Ruling Out Adaptation Options
For many researchers, an important component of “adaptation research” is the identification of options, or “pathways to adaptation.” But of course, it’s just as important to know what is not on the table. The front page of The Australian today has one such example:
NORTHERN Australia will never become an important food bowl to replace the drought-stricken Murray-Darling, despite massive irrigation plans and a billion litres of rain a year, a Rudd government taskforce has concluded.
You can find more background on the taskforce and its report here.
This report seems to contradict far more optimistic coverage in recent months (e.g. here, and here). It will be interesting to see if this sparks a science-based debate over the viability of the region.
From the perspective of a researcher, identifying options probably has mostly to do with what is technically feasible. But for those who would actually implement options, it is necessarily a much trickier balancing act involving a variety of values, economics, and of course, politics. The tricky part may be discerning where the technical ends, and the values begin. For example, in the article quoted above, we see that there is quite a bit of water in the Northern region of the country (my emphasis):
the north receives about a billion litres of rain a year, equivalent to eight-and-a-half times the annual runoff in the Murray-Darling Basin or 2000 times the capacity of Sydney Harbour.

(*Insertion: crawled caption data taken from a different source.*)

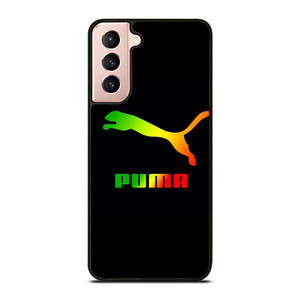 PUMA REGGAE COLOR Samsung Galaxy S21 Case Cover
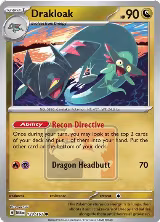 Drakloak (129/167), League & Championship Cards — Pokémon card price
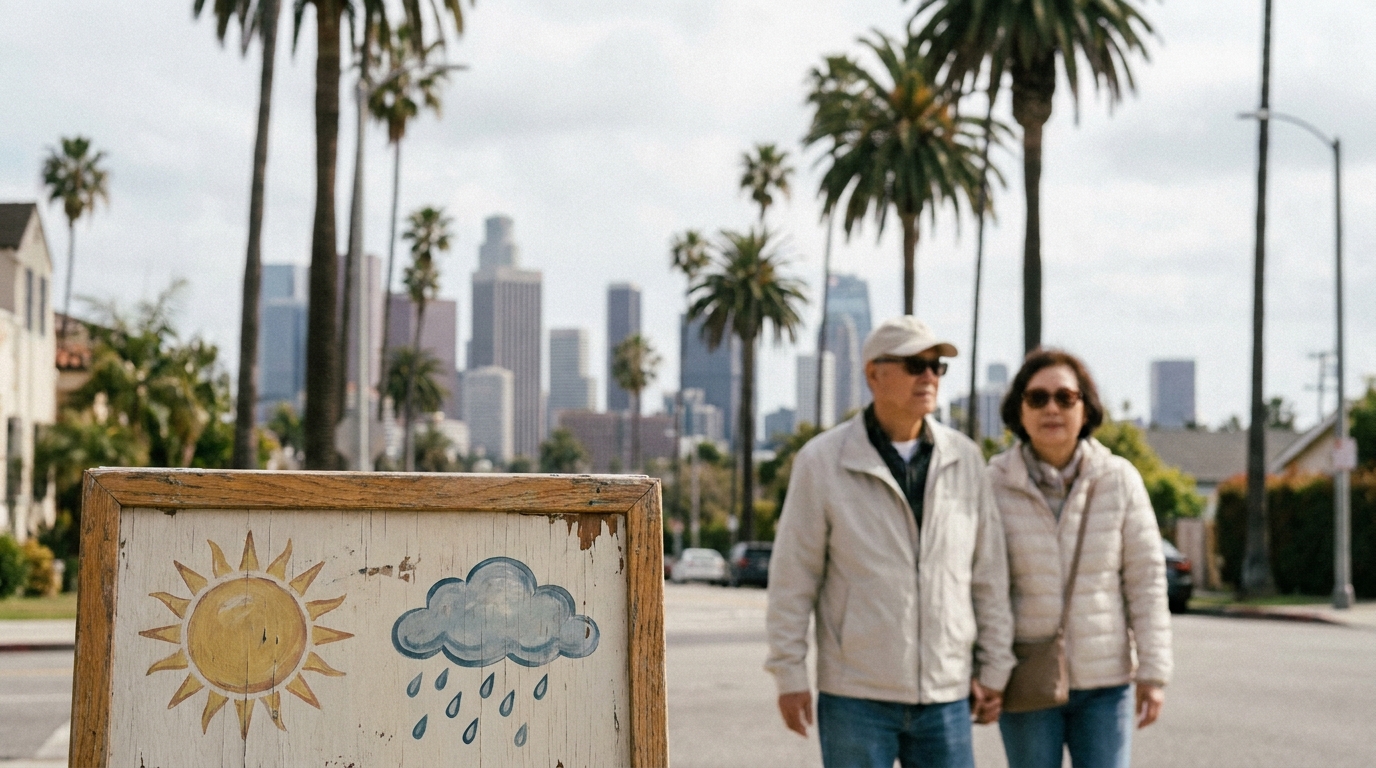 Weather: When to Visit Each City - los angeles vs san francisco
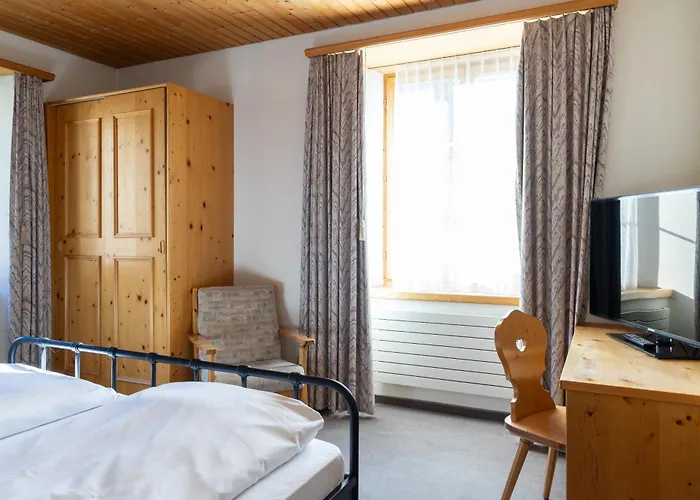 Golf Des Alpes * Samedan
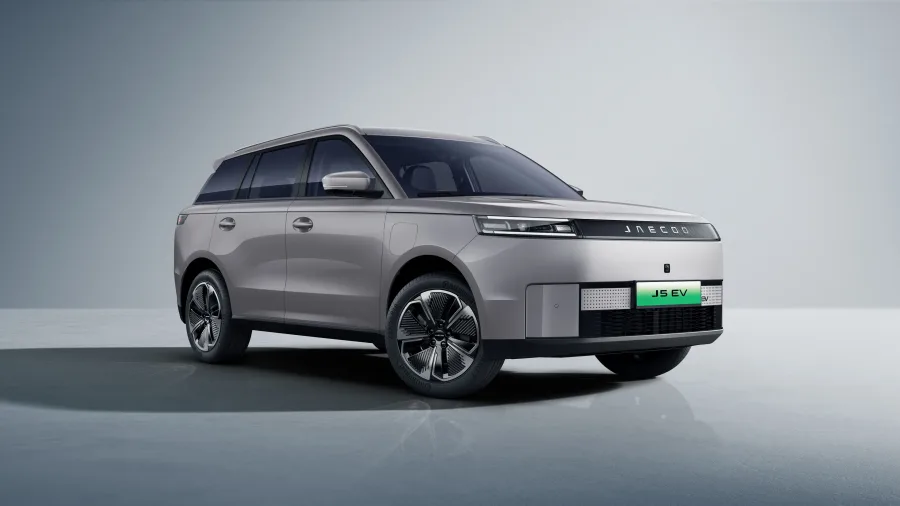 JAECOO J5 EV - SUV Premium Hybrid Terbaru
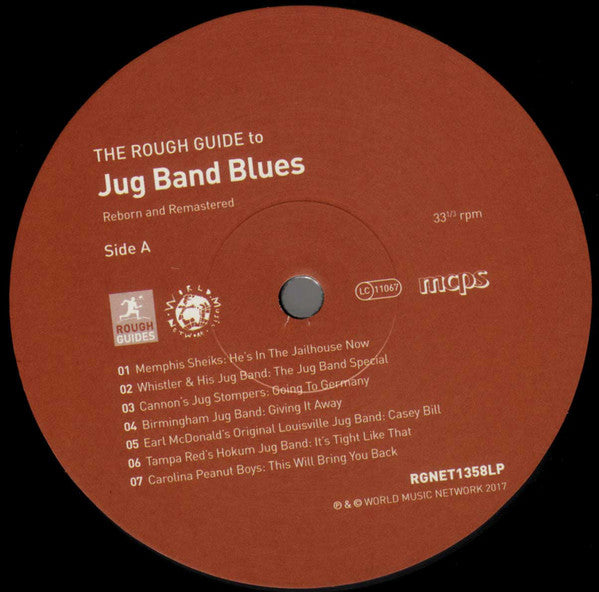 Various : The Rough Guide To Jug Band Blues (Reborn And Remastered) (LP, RSD, Comp, Ltd, RM)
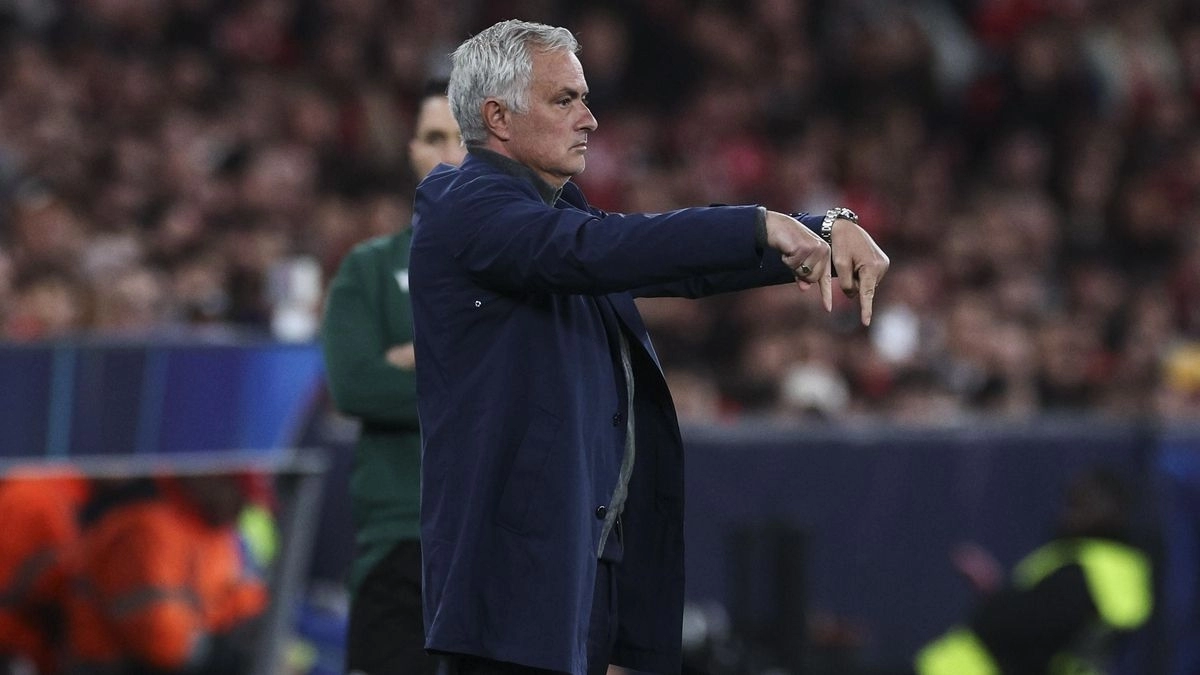 José Mourinho, entrenador del Real Madrid / EFE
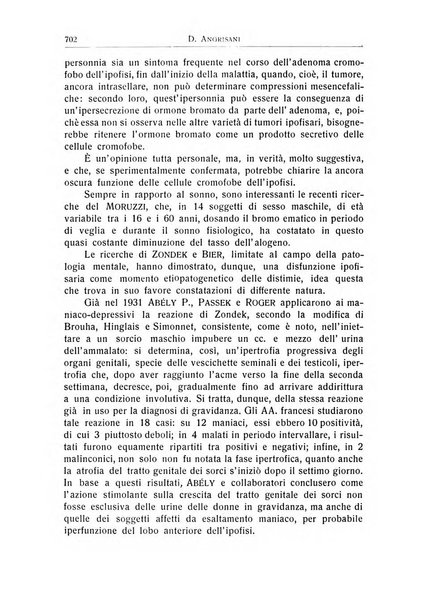 L'ospedale psichiatrico rivista di psichiatria, neurologia e scienze affini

… The CSIRO water study, presented to the taskforce last year, found there was not enough water to irrigate large swaths of land in the north without doing major damage to the rivers and the surrounding environment.
This concern will undoubtedly remain a central focus in debates over the development of the region. But a variety of other issues will compete with it, including Australia’s food security, and the economic potential for Aboriginal groups and others.